Given information below:

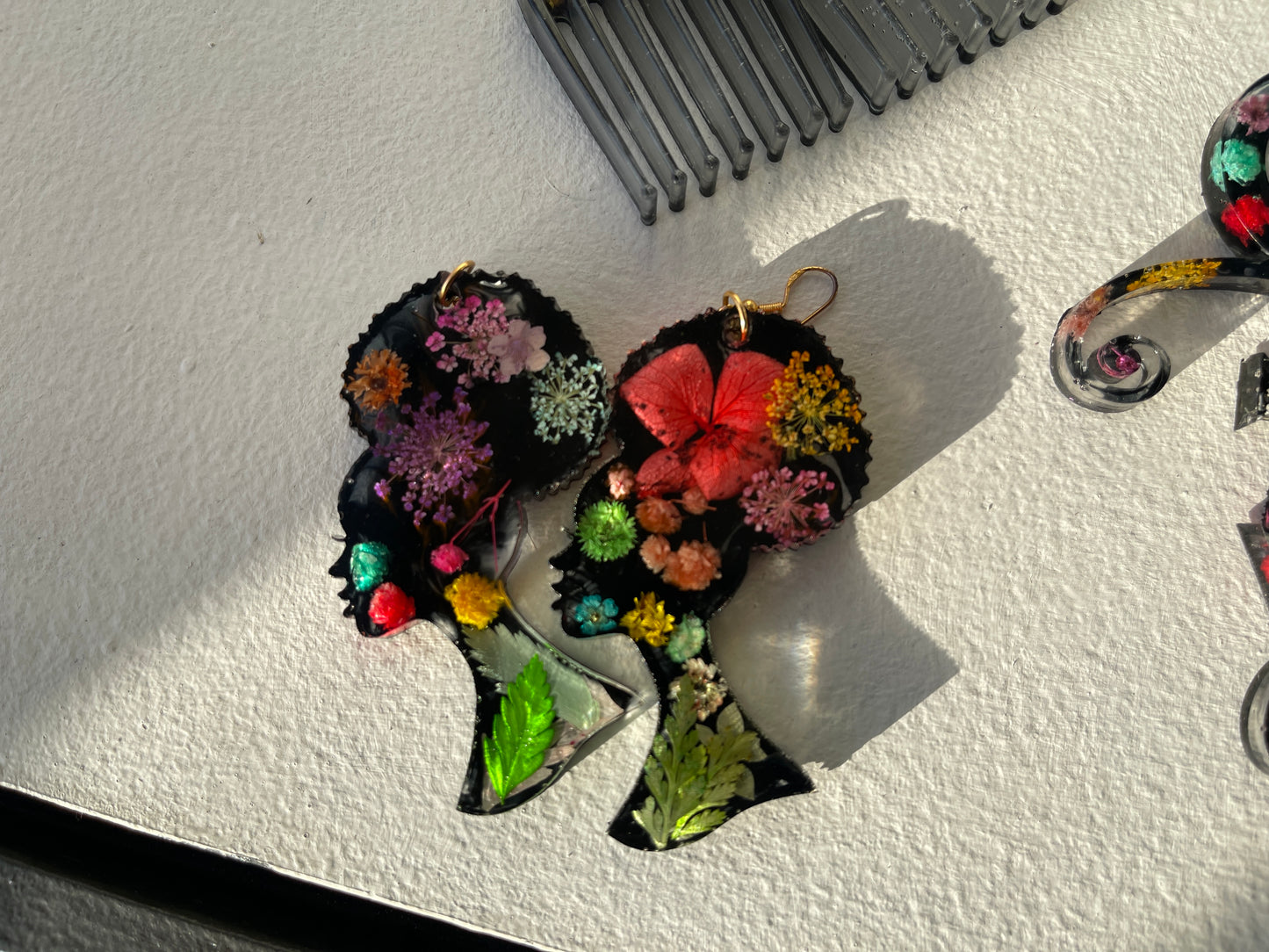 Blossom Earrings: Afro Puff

End of Given information.
Given information below:

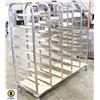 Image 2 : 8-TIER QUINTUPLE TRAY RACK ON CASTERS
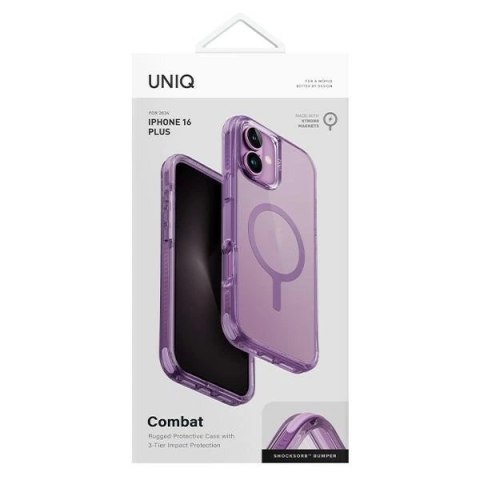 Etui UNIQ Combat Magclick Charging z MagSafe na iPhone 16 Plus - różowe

End of Given information.

### The problem
Beginning with the line that contains "Image 2 : 8-TIER" and ending with the line that contains "Etui UNIQ Combat", reproduce the listing exactly, pictures excluded.

### Finished task
 Image 2 : 8-TIER QUINTUPLE TRAY RACK ON CASTERS
 Etui UNIQ Combat Magclick Charging z MagSafe na iPhone 16 Plus - różowe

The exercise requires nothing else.